The Black Family in Slavery and Freedom
- Cover of the first edition
- Author: Herbert G. Gutman
- Language: English
- Subject: Sociology
- Genre: History
- Published: Vintage; 1st Edition (July 12, 1977)
- Publication place: United States
- Media type: Print (hardcover)
- ISBN: 0394724518

= The Black Family in Slavery and Freedom =

Book by Herbert G. Gutman

The Black Family in Slavery and Freedom, 1750-1925 is a book by Herbert G. Gutman that addresses the impact of slavery on black families. It is based on research that Gutman conducted over the course of the decade since the Moynihan Report, which revived the "tangle of pathology" thesis; the claim that black families in the US were incapable of functioning in a healthy way, a rationale previously rejected by critics as racist. The book draws on census data, diaries, family records, bills of sale and other records.

Gutman says that if slavery destroyed the family as white politician Daniel Patrick Moynihan claimed, then family structure statistics should have been worse closer to the time of slavery. He then lays out statistics showing that black families actually had higher legitimacy rates than whites for the first several decades after the end of the Civil War, along with comparable success in various other metrics.

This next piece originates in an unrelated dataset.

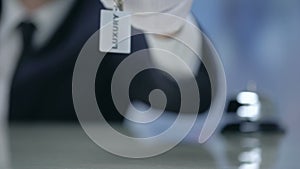 Luxury written on keychain in receptionist hand, premium quality hotel, closeup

Gutman concludes that black families, rather than having been irretrievably destroyed by slavery, showed great power and resilience, pulling together as slavery ended, with more two-parent households and couples who stayed together longer. He says that black families also remained intact during the first wave of migration to the North after the Civil War (although he remained open to arguments about black family collapse in the 1930s and 1940s). All the way through 1925, black families grew stronger and more successful, increasing in wealth.